Exercise goal =>
Without including any pictures, copy every line below exactly.
[Start of section]
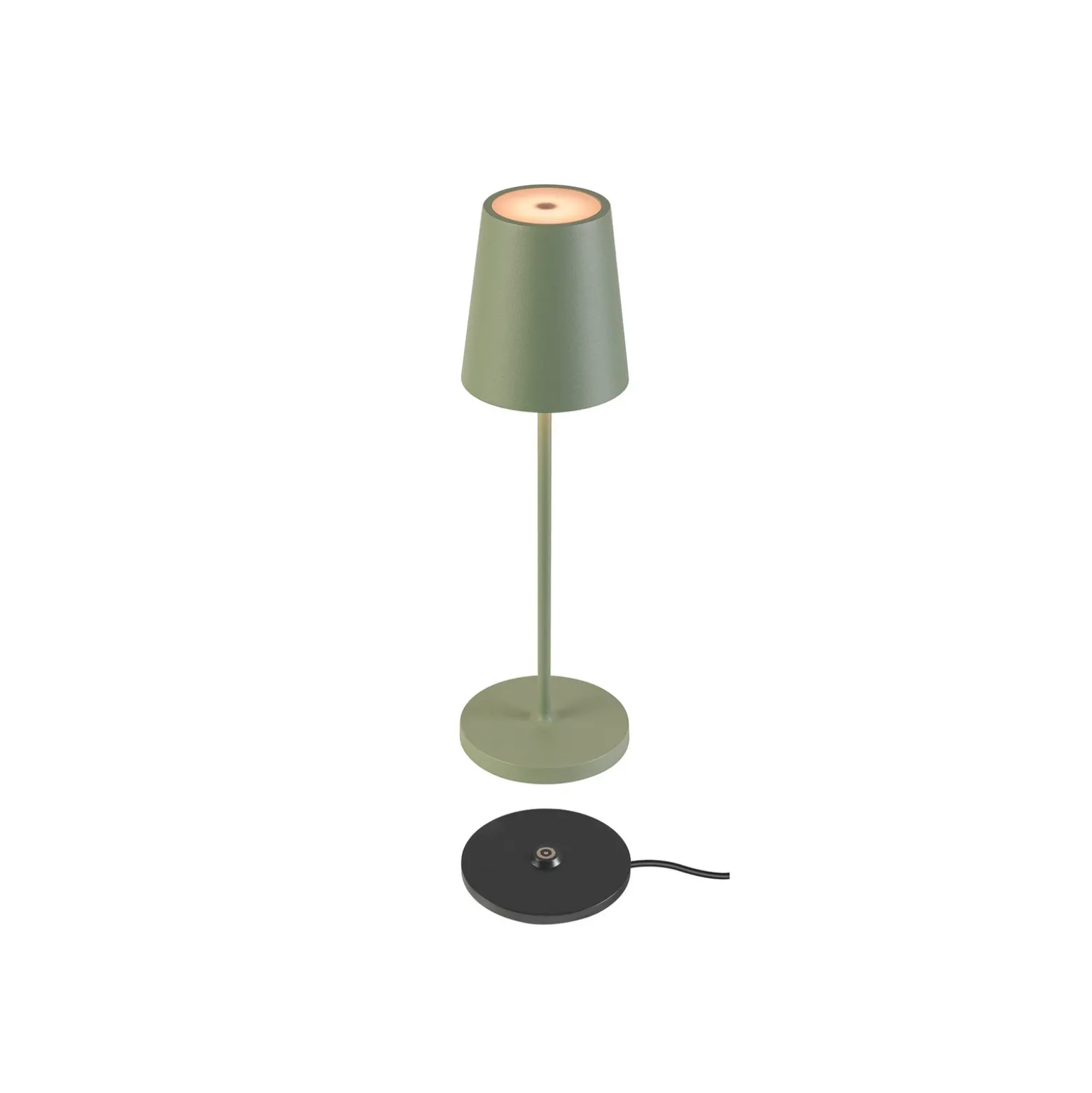 Lámpara recargable LED SLV Vinolina Two, verde, aluminio, Ø 11 cm, IP65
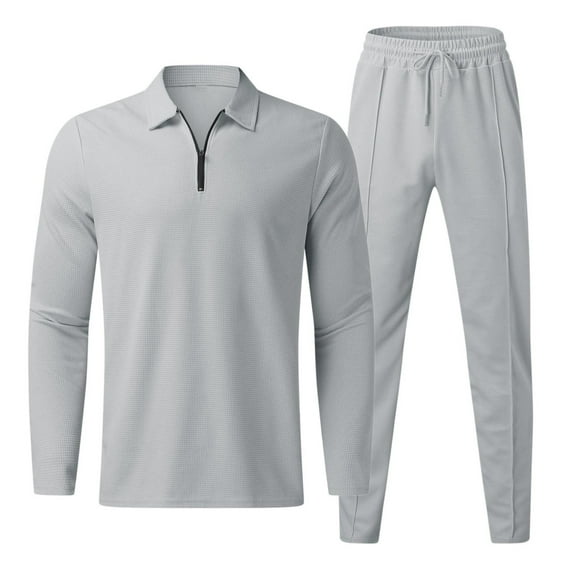 Men Clearance LYXSSBYX Mens 2 Piece Outfit Set Clearance Men Casual Solid Fashion Turndown Sports Suit Zip Long Sleeve Trousers Two-Piece Tracksuit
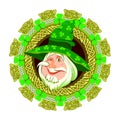 Beautiful green decoration with shamrock and funny old man. St. Patrick day symbol. Irish ethnic drawing. Celtic knot pattern. Royalty Free Stock Photo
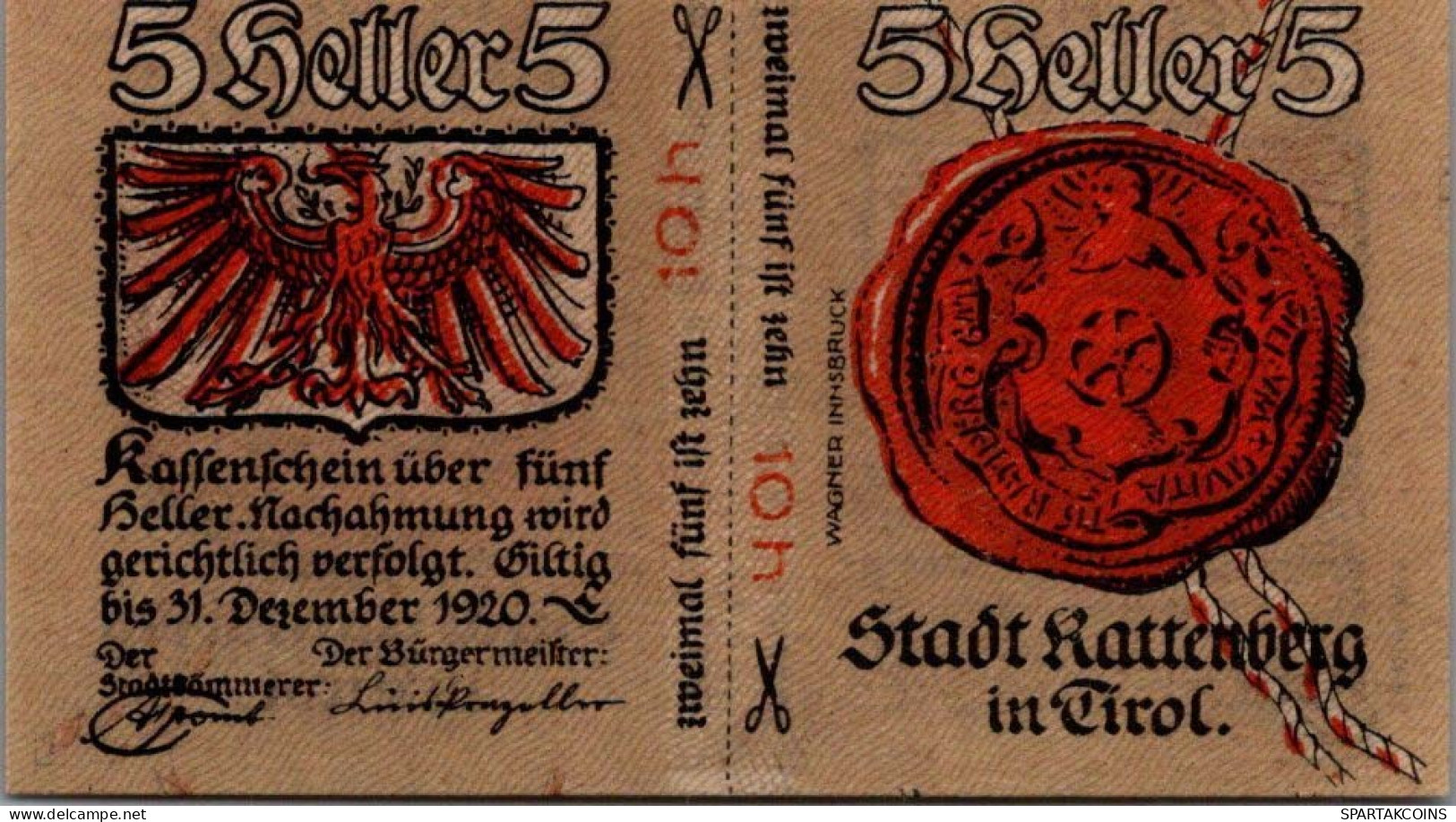 10 HELLER 1920 Stadt RATTENBERG Tyrol Österreich Notgeld Banknote #PE590 - [11] Emisiones Locales
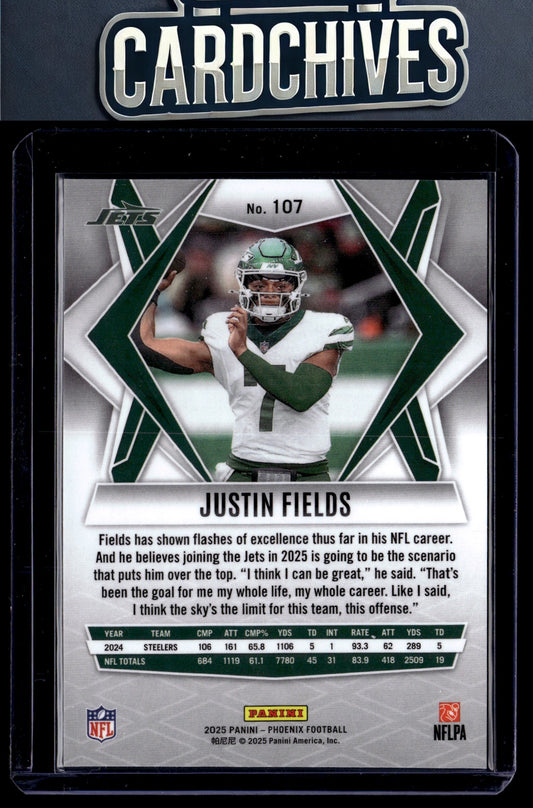 Justin Fields 2025 Panini Phoenix #107 Silver Pandora Prizm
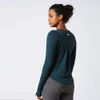 2024 lu lu lemens Long 202Autumn/winter Sleeve Tight Yoga Suit T-shirt Womens Back Half Zip Sports T-shirt Exposed Umbilical Fitness Long Sleeve T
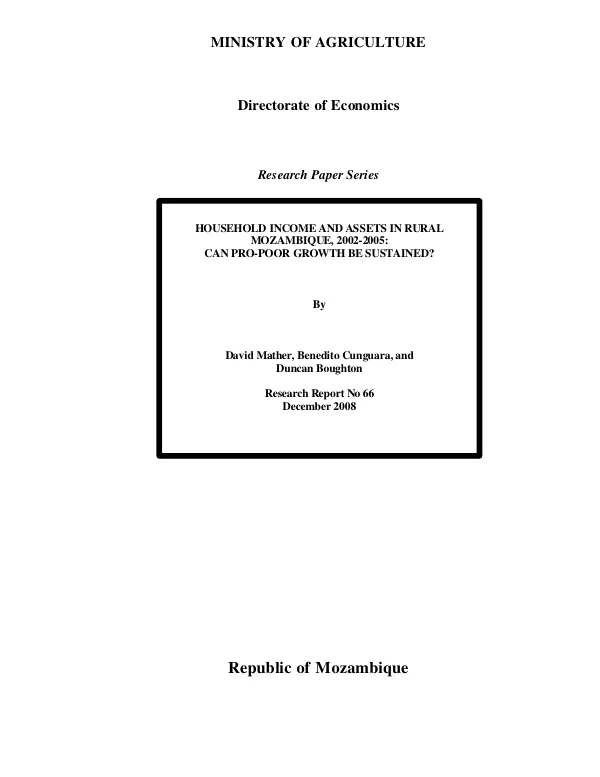 Household income and assets in rural Mozambique, 2002-2005 : can pro-poor growth be sustained?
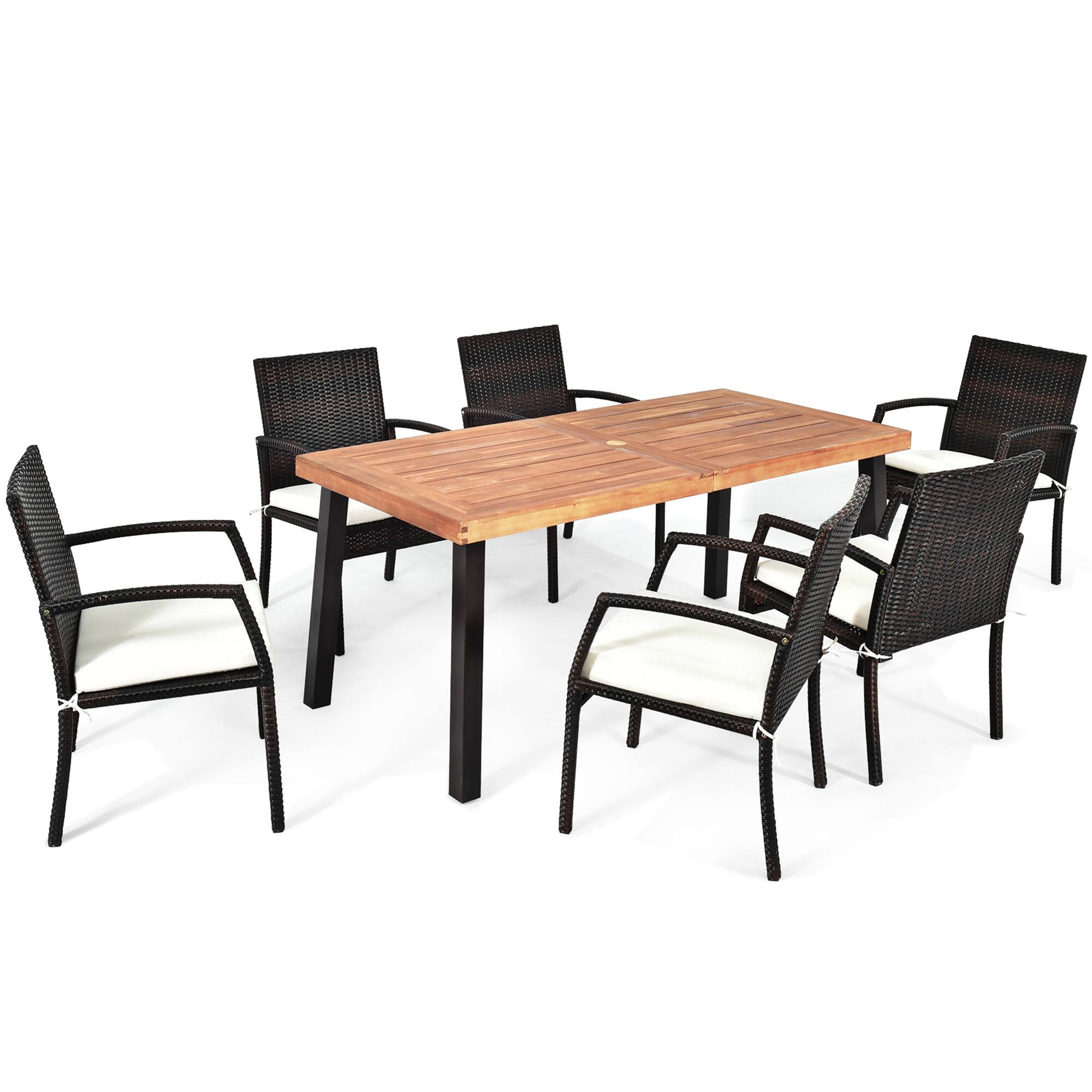 Alt View 4. Gymax - Gymax 7PCS Patio Rattan Dining Set Wooden Table Top Cushioned Chair Garden - Beige.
[End of section]
Reply to the task =>
 Lámpara recargable LED SLV Vinolina Two, verde, aluminio, Ø 11 cm, IP65
 Men Clearance LYXSSBYX Mens 2 Piece Outfit Set Clearance Men Casual Solid Fashion Turndown Sports Suit Zip Long Sleeve Trousers Two-Piece Tracksuit
 Beautiful green decoration with shamrock and funny old man. St. Patrick day symbol. Irish ethnic drawing. Celtic knot pattern. Royalty Free Stock Photo
 10 HELLER 1920 Stadt RATTENBERG Tyrol Österreich Notgeld Banknote #PE590 - [11] Emisiones Locales
 Justin Fields 2025 Panini Phoenix #107 Silver Pandora Prizm
 2024 lu lu lemens Long 202Autumn/winter Sleeve Tight Yoga Suit T-shirt Womens Back Half Zip Sports T-shirt Exposed Umbilical Fitness Long Sleeve T
 Household income and assets in rural Mozambique, 2002-2005 : can pro-poor growth be sustained?
 Alt View 4. Gymax - Gymax 7PCS Patio Rattan Dining Set Wooden Table Top Cushioned Chair Garden - Beige.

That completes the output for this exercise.